Since the onset of the Covid-19 pandemic, healthcare staffing shortages – an issue that’s plagued the industry for years – have only intensified. Even as the number of coronavirus cases continues to plummet nationwide, hospitals and healthcare facilities are grappling with a bevy of obstacles as a result of being short-staffed. 

According to a recent survey conducted by the Washington Post and Kaiser Family Foundation, 3 in 10 healthcare workers admitted they’re considering leaving the profession, while 6 in 10 stated the pandemic has caused significant burnout. This is a flashing red alert sign that needs to be taken seriously!

Gaps in Healthcare Employment Exacerbated by the Pandemic

While vaccination availability and federal funding has offered some relief for hospitals and healthcare facilities, they’re still shouldering the burden of a tight labor market. 

Alarming data released by the U.S. Department of Health and Human Services on April 10 revealed 657 hospitals across the country were facing critical staffing shortages just on that single day alone. Additionally, 13.9% of hospitals said they expect grave shortages within the coming week. 
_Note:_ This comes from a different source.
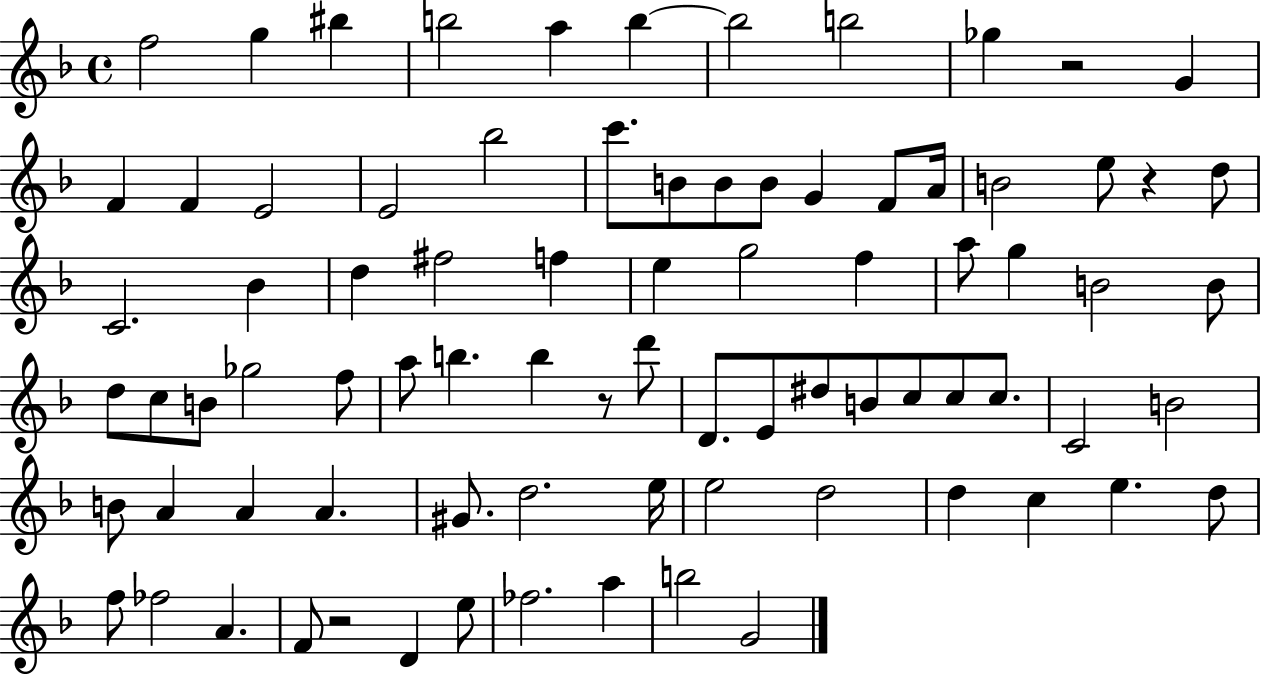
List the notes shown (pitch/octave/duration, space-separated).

F5/h G5/q BIS5/q B5/h A5/q B5/q B5/h B5/h Gb5/q R/h G4/q F4/q F4/q E4/h E4/h Bb5/h C6/e. B4/e B4/e B4/e G4/q F4/e A4/s B4/h E5/e R/q D5/e C4/h. Bb4/q D5/q F#5/h F5/q E5/q G5/h F5/q A5/e G5/q B4/h B4/e D5/e C5/e B4/e Gb5/h F5/e A5/e B5/q. B5/q R/e D6/e D4/e. E4/e D#5/e B4/e C5/e C5/e C5/e. C4/h B4/h B4/e A4/q A4/q A4/q. G#4/e. D5/h. E5/s E5/h D5/h D5/q C5/q E5/q. D5/e F5/e FES5/h A4/q. F4/e R/h D4/q E5/e FES5/h. A5/q B5/h G4/h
Nursing shortages present some of the largest gaps impacting the industry today. The American Nurses Association (ANA) anticipates a need for nearly 3.44 million nurses by 2022, including a 20.2% increase in RNs. As the ANA continues to monitor the very real and harrowing dilemma of the growing nursing shortage, they also predict vacancies to surge by over half a million by 2026. 

For nurses and other healthcare workers, long-standing issues like inadequate staffing, long hours and even low wages in parts of the country, were heightened by the pandemic, yet not addressed. Exhausted and overworked, scores of healthcare workers are considering a career change. Further amplifying the problem is the increasing number of both physicians and nurses approaching retirement age. 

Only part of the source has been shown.